I was in Cairo for most of 1989 and 1990.
During my term of residence there, I studied with a group in a combat system (sport? pasttime?) termed Sebbekkha. I apologize for not having time to waste researching this fella Ramses Seleem, but I assure you that the teacher that I studied with was not this guy; not in any of his incarnations. In fact, the man I studied with is called Muhammed Ali and last I heard (15 years ago) he is still alive. Anyhow, my experience with the group was limited to a few nights a week when I was actually in the city, but I will try to give you my impressions of Mr. Ali's art.
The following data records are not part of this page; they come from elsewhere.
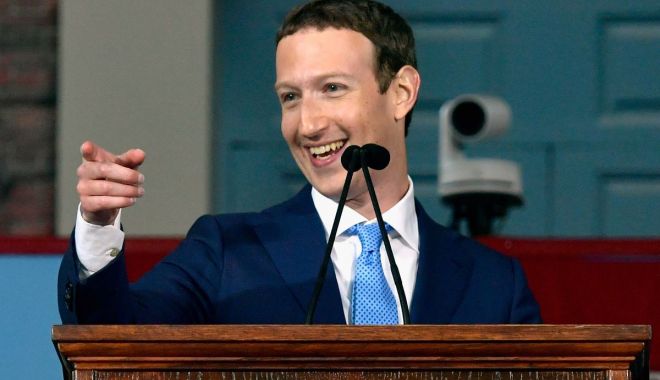 Facebook recunoaște că a șters mesaje trimise pe Messenger de Mark Zuckerberg - markzuckerberg-1523021412.jpg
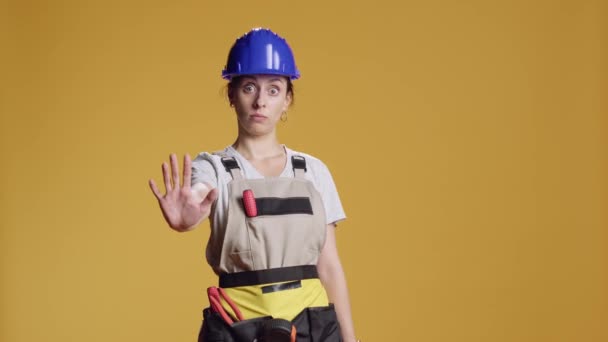 Portrét Stavebního Dělníka Dělá Stop Sign Dlaní Reklama Neprojde Dokončit — Stock video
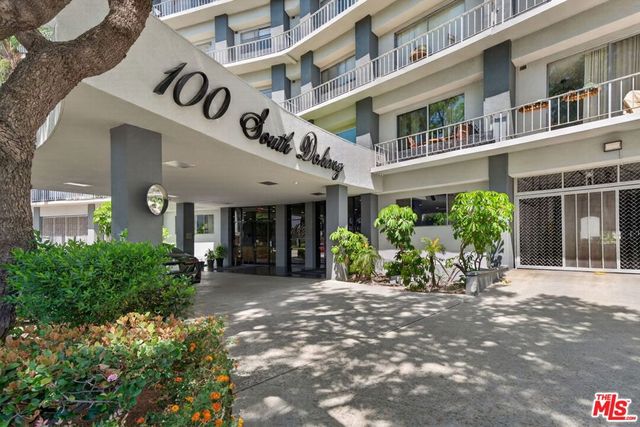 100 S Doheny Drive 719, Los Angeles, CA 90048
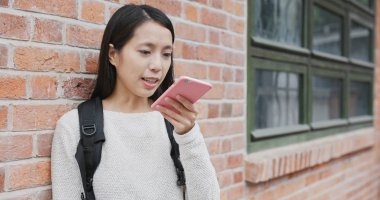 Öğrenci kadın Üniversitesi kampus içinde cep telefonunda sesli mesaj gönderme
I was told that the name Sebbekkha could be interpreted as Crocodile Wrestling and that is basically what I recall it being--wrestling. Indeed, much of what we did was very similar to what I learned on the wrestling team in high school. I remember mentioning this at least once and receiving a vague reference to Greek cultural influence. In short, we spent a lot of time on the floor of Ali's small apartment stretching, rolling with each other and conditioning (more yoga type stuff than burpees.) The striking was remarkable only by virtue of its simplicity and intention. There were no kicks that I saw in the limited time I had with them (much to my chagrin, being a kickboxer at the time.) The strikes were very linear and meant to be executed as closing strikes in the context of a crash. The objective was to get inside and clinch with your opponent for throws. And that brings me to the one unique (and dubious?) aspect of the art--the throws. Bear in mind that I have not trained in any Judo or had any intensive training in throws. I don't recall, however, coming across anyone who favored muscular force over skeletal mechanics the way these men (yes, strict gender policy, by the way) seemed to. Again, my knowledge of the art adds up to roughly 160 hours of actual training time, but I'm pretty sure I remember Ali emphasizing that the throws are generated by the waist. No, not hips; not foot position, WAIST! This, along with the "speed" of technique, I was told, was the reason it is termed Sebbekkha. The waist muscles were employed almost exclusively in every throw we performed. Someone let me know if this is common in any other throwing arts, because I am woefully ignorant in this area. All I know is my obliques were ripped and reformed repeatedly with all the twisting that we did.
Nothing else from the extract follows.